Livent Files Chap 11 Reorganization; Drabinsky & Gottlieb Fired; Ragtime Tour Shuts Down

News   Livent Files Chap 11 Reorganization; Drabinsky & Gottlieb Fired; Ragtime Tour Shuts Down
 
Ending days of speculation about the possibility of filing for bankruptcy protection, Livent Inc. and its U.S. subsidiaries filed a voluntary petition under Chapter 11 of the U.S. Bankruptcy Code Nov. 18.

Ending days of speculation about the possibility of filing for bankruptcy protection, Livent Inc. and its U.S. subsidiaries filed a voluntary petition under Chapter 11 of the U.S. Bankruptcy Code Nov. 18.

The filing was made in the U.S. Bankruptcy Court for the Southern District on New York. The company said in a late-day Nov. 18 statement that it is considering the same kind of protective action in Canada.

The filing allows Livent, producer of such musicals as Ragtime and Fosse, the chance to keep creditors at bay while pursuing financial restructuring in the wake of recently discovered "accounting irregularities" and "inapproriate business practices" by suspended founder and vice chairman Garth Drabinsky and suspended executive vice president Myron Gottlieb. Also on Nov. 18, Livent board members voted to terminate the already-suspended pair effective immediately. The board also authorized a filing in Ontario Court of a $225 million (CDN) civil damage action against Drabinsky, Gottlieb and a company owned by Gottlieb, alleging "fraud, conversion and unjust enrichment," according to a Livent statement.

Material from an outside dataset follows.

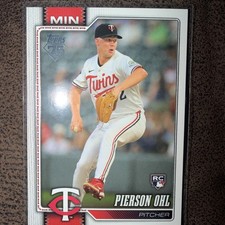 2026 Topps Series 1 Base Pierson Ohl RC Minnesota Twins #321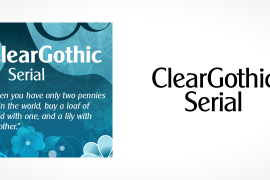 Clear Gothic Serial Heavy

The company also released its restated financial statements for 1996, 1997 and the first quarter (ending March 31) of 1998. The restated results (addressing previous statements from the Drabinsky regime) reduce net income for these periods "in an aggregate amount of $85.1 million (CDN) or $61.7 million (US)." For the second quarter 1998 (ending June 30, 1998), Livent reported a net loss of $45.8 million (CDN) or $31.7 million (U.S.).

Before stock exchange trading was halted in August, Livent was the world's only public company devoted solely to commercial theatrical producing. On Nov. 18 the company outlined the "pervasive, systemic acounting irregularities" as such:

*Transactions improperly recorded as revenue.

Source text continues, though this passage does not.